● Prompt: Lines from the beginning of the entries up to and including the one with "People attend the" must be duplicated word for word; leave out all others.

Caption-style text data
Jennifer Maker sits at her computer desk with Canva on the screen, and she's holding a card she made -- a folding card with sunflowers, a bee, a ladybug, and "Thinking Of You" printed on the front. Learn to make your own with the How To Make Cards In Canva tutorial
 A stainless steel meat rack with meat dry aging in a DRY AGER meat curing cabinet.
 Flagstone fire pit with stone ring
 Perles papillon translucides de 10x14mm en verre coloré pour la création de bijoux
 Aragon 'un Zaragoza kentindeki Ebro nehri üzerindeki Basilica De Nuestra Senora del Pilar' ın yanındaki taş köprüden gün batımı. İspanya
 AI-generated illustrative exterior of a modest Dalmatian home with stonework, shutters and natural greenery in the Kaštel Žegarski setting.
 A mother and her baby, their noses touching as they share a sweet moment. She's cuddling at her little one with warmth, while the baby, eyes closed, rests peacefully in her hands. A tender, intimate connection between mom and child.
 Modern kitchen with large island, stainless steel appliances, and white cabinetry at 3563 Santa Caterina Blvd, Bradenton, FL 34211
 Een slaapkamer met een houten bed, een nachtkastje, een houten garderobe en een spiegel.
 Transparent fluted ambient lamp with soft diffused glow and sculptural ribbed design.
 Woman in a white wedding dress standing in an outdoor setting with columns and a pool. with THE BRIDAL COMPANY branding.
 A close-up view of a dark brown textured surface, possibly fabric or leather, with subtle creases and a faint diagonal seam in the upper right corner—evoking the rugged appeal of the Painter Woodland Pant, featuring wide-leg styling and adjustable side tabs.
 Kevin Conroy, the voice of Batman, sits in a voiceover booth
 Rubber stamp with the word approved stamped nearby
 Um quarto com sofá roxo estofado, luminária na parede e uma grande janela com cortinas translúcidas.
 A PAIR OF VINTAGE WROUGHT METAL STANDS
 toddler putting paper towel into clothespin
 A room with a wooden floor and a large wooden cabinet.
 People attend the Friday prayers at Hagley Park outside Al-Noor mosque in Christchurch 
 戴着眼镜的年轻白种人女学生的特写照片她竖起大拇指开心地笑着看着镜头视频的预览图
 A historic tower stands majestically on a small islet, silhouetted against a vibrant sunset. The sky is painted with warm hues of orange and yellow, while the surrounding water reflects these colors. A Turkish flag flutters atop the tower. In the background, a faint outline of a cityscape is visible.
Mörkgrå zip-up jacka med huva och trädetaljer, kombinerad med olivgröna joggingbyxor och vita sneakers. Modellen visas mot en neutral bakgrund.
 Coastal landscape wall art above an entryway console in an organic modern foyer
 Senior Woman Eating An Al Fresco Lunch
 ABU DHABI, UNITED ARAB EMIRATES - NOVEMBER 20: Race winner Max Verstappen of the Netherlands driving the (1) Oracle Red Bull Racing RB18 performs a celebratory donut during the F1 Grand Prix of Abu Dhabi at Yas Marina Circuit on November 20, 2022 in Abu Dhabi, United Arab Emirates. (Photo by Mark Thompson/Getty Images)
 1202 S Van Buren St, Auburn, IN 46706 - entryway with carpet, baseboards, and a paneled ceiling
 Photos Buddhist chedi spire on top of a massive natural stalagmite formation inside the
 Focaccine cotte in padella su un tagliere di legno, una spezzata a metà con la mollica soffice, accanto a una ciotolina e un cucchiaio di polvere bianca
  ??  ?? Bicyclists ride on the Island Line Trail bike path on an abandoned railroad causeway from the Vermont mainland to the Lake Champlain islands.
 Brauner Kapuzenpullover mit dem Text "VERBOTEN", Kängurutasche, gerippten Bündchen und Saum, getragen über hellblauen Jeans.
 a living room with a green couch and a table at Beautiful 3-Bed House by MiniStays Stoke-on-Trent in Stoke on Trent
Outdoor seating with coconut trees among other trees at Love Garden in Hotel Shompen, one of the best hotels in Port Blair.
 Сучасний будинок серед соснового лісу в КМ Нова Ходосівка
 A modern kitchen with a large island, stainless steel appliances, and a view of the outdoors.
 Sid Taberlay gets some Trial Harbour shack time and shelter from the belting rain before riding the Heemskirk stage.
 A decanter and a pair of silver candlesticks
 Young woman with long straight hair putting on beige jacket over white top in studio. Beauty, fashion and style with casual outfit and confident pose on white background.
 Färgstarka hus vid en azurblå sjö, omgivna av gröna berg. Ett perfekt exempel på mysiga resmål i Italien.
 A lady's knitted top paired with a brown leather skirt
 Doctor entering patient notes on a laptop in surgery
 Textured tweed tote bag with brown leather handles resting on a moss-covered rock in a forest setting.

● Written response:
Jennifer Maker sits at her computer desk with Canva on the screen, and she's holding a card she made -- a folding card with sunflowers, a bee, a ladybug, and "Thinking Of You" printed on the front. Learn to make your own with the How To Make Cards In Canva tutorial
 A stainless steel meat rack with meat dry aging in a DRY AGER meat curing cabinet.
 Flagstone fire pit with stone ring
 Perles papillon translucides de 10x14mm en verre coloré pour la création de bijoux
 Aragon 'un Zaragoza kentindeki Ebro nehri üzerindeki Basilica De Nuestra Senora del Pilar' ın yanındaki taş köprüden gün batımı. İspanya
 AI-generated illustrative exterior of a modest Dalmatian home with stonework, shutters and natural greenery in the Kaštel Žegarski setting.
 A mother and her baby, their noses touching as they share a sweet moment. She's cuddling at her little one with warmth, while the baby, eyes closed, rests peacefully in her hands. A tender, intimate connection between mom and child.
 Modern kitchen with large island, stainless steel appliances, and white cabinetry at 3563 Santa Caterina Blvd, Bradenton, FL 34211
 Een slaapkamer met een houten bed, een nachtkastje, een houten garderobe en een spiegel.
 Transparent fluted ambient lamp with soft diffused glow and sculptural ribbed design.
 Woman in a white wedding dress standing in an outdoor setting with columns and a pool. with THE BRIDAL COMPANY branding.
 A close-up view of a dark brown textured surface, possibly fabric or leather, with subtle creases and a faint diagonal seam in the upper right corner—evoking the rugged appeal of the Painter Woodland Pant, featuring wide-leg styling and adjustable side tabs.
 Kevin Conroy, the voice of Batman, sits in a voiceover booth
 Rubber stamp with the word approved stamped nearby
 Um quarto com sofá roxo estofado, luminária na parede e uma grande janela com cortinas translúcidas.
 A PAIR OF VINTAGE WROUGHT METAL STANDS
 toddler putting paper towel into clothespin
 A room with a wooden floor and a large wooden cabinet.
 People attend the Friday prayers at Hagley Park outside Al-Noor mosque in Christchurch 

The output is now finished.